=== Section Start ===

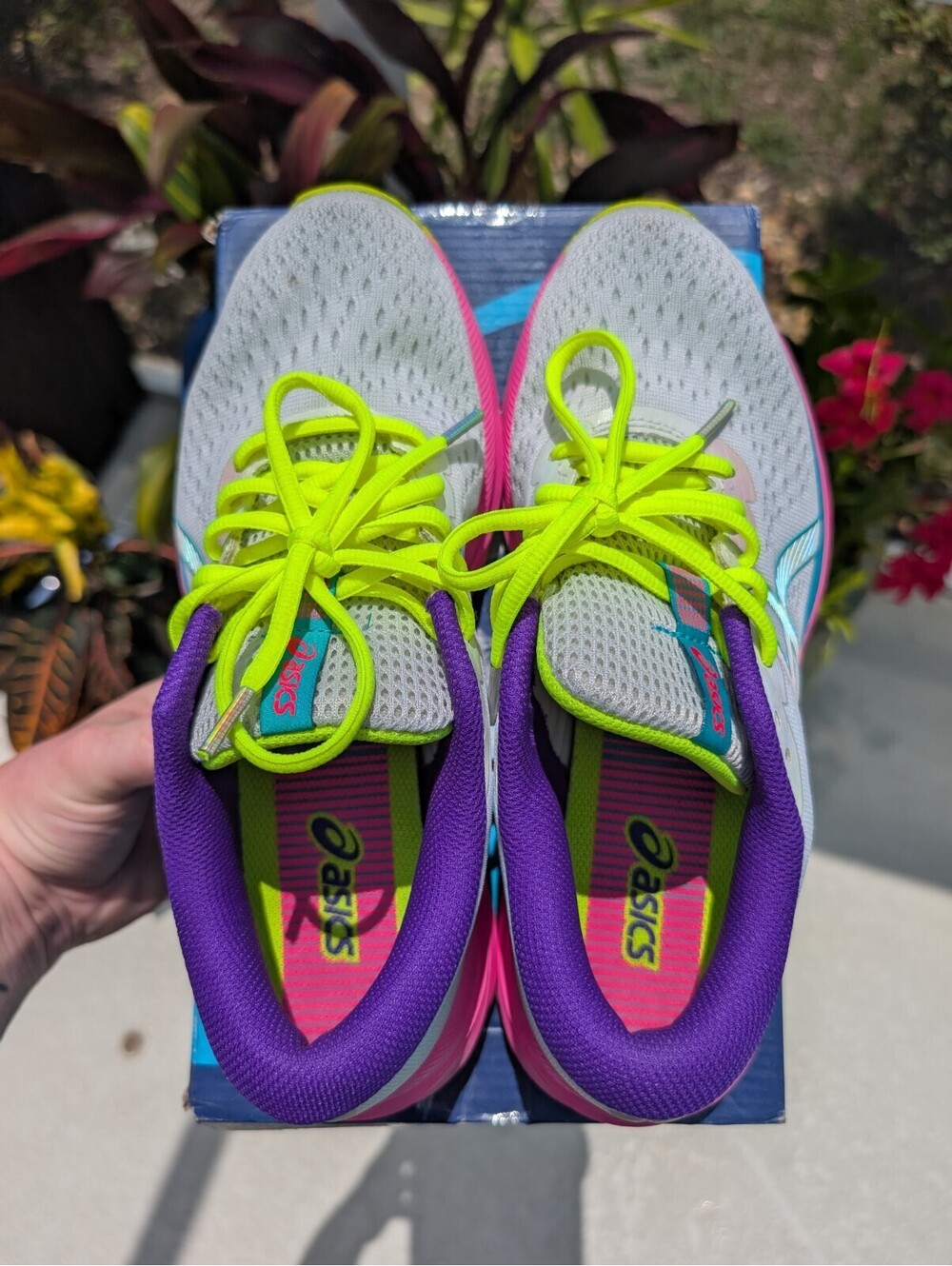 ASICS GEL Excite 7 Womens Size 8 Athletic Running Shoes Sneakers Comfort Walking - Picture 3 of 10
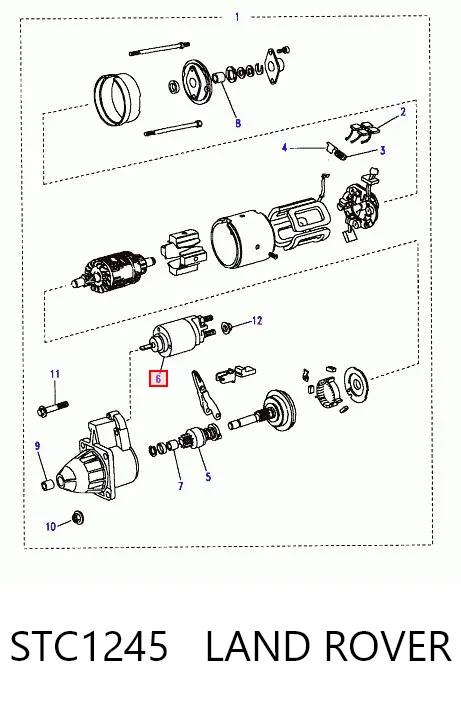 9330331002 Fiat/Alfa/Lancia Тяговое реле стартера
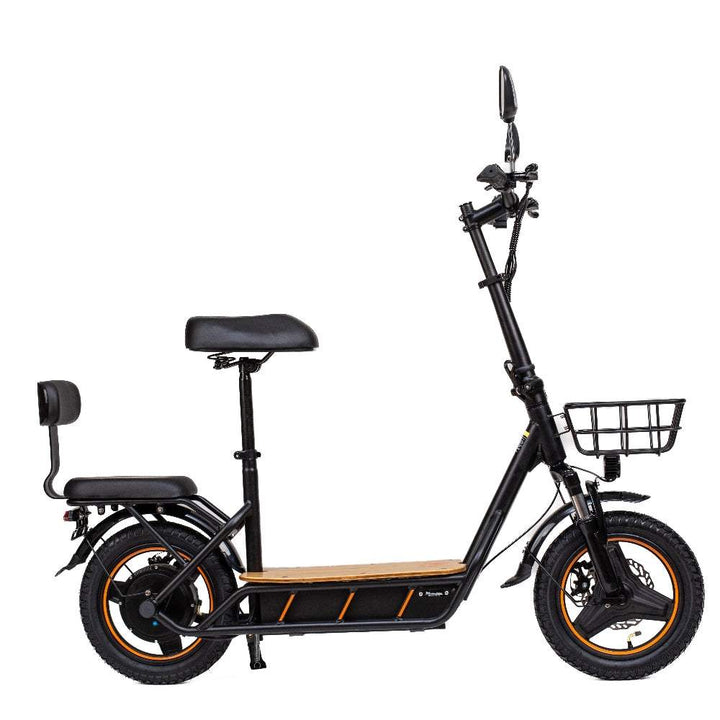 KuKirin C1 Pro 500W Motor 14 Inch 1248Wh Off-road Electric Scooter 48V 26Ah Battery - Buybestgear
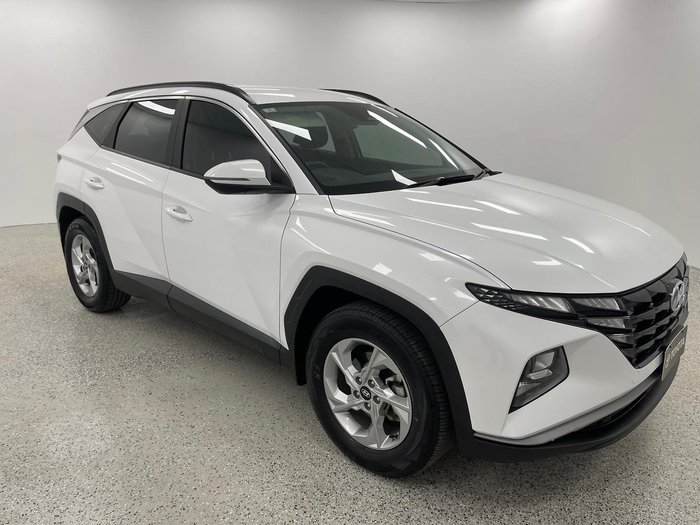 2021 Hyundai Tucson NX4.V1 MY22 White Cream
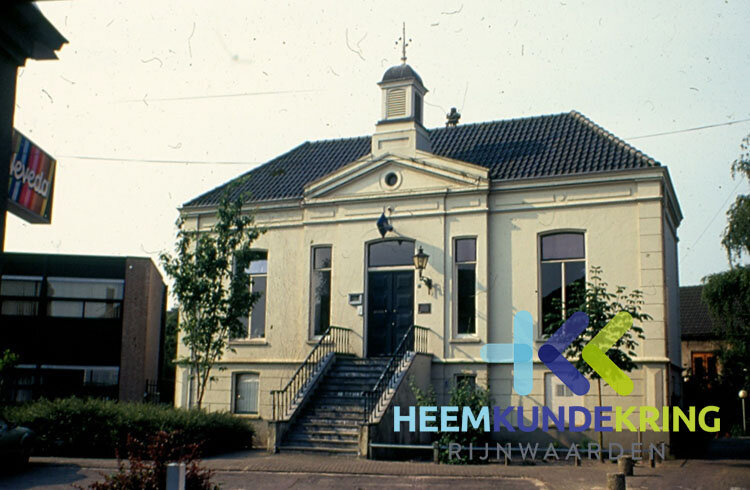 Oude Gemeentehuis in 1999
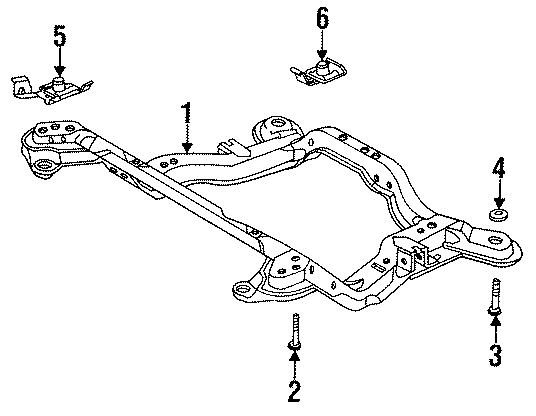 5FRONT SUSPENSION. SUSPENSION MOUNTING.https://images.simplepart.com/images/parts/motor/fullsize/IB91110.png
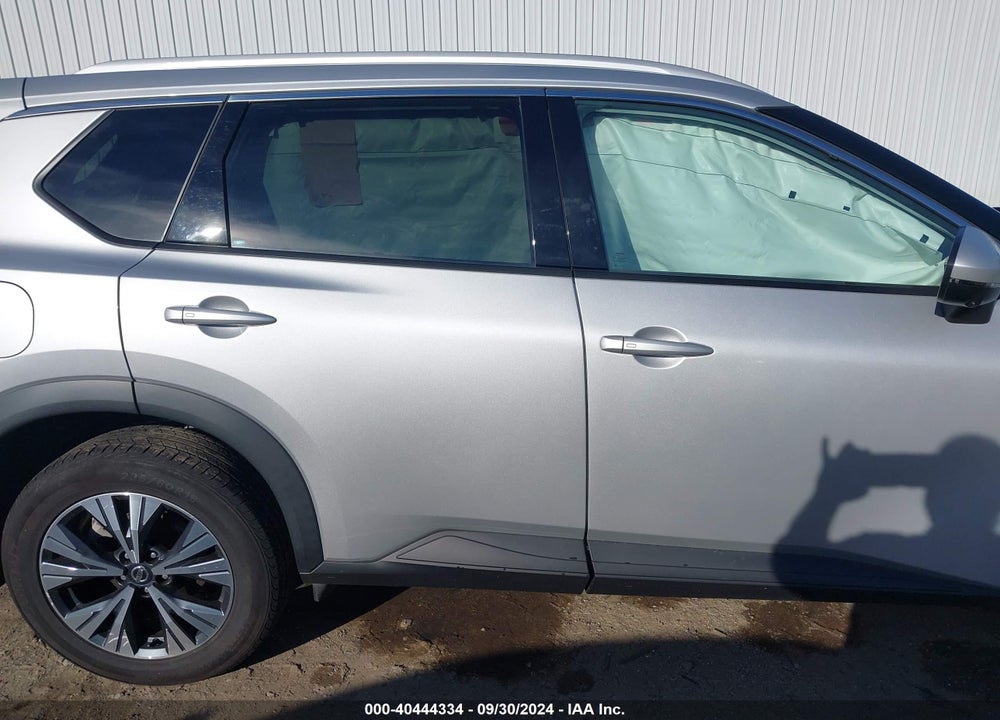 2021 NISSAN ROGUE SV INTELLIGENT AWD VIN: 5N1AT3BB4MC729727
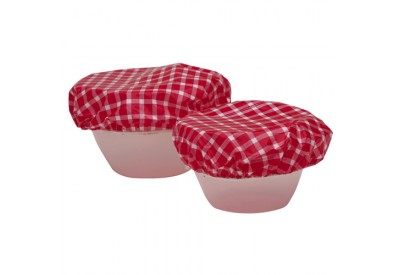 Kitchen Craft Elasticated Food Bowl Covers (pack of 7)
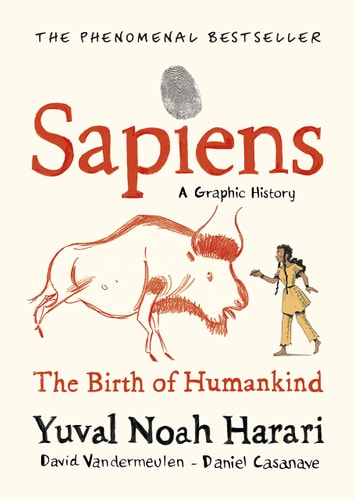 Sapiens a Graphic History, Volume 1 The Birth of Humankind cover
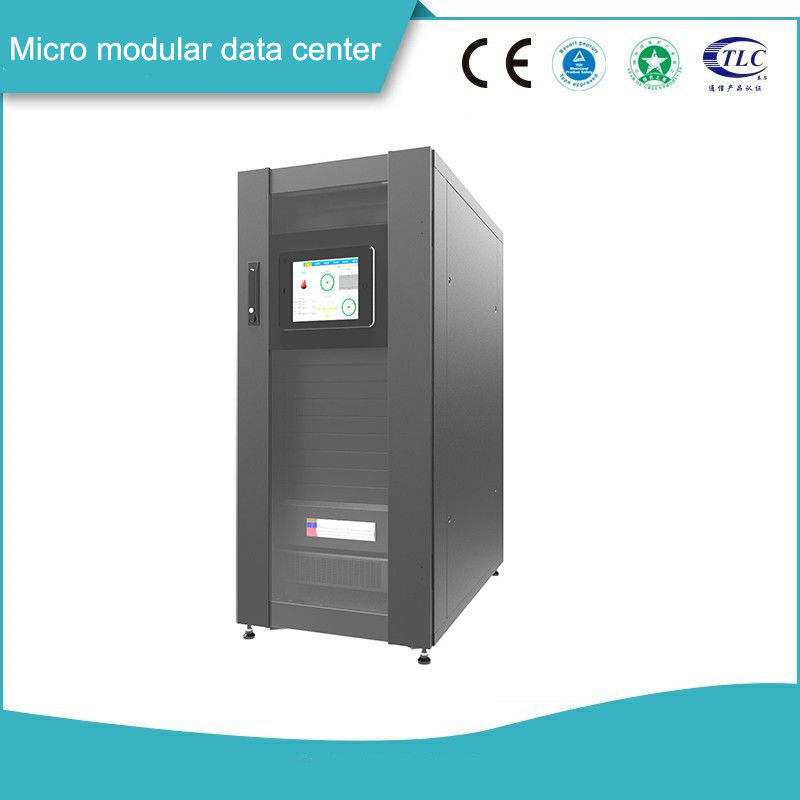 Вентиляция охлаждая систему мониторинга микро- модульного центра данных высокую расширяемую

=== Section End ===

Exercise directions: Quote the records above in full, dropping each picture.

Answer below:
 ASICS GEL Excite 7 Womens Size 8 Athletic Running Shoes Sneakers Comfort Walking - Picture 3 of 10
 9330331002 Fiat/Alfa/Lancia Тяговое реле стартера
 KuKirin C1 Pro 500W Motor 14 Inch 1248Wh Off-road Electric Scooter 48V 26Ah Battery - Buybestgear
 2021 Hyundai Tucson NX4.V1 MY22 White Cream
 Oude Gemeentehuis in 1999
 5FRONT SUSPENSION. SUSPENSION MOUNTING.https://images.simplepart.com/images/parts/motor/fullsize/IB91110.png
 2021 NISSAN ROGUE SV INTELLIGENT AWD VIN: 5N1AT3BB4MC729727
 Kitchen Craft Elasticated Food Bowl Covers (pack of 7)
 Sapiens a Graphic History, Volume 1 The Birth of Humankind cover
 Вентиляция охлаждая систему мониторинга микро- модульного центра данных высокую расширяемую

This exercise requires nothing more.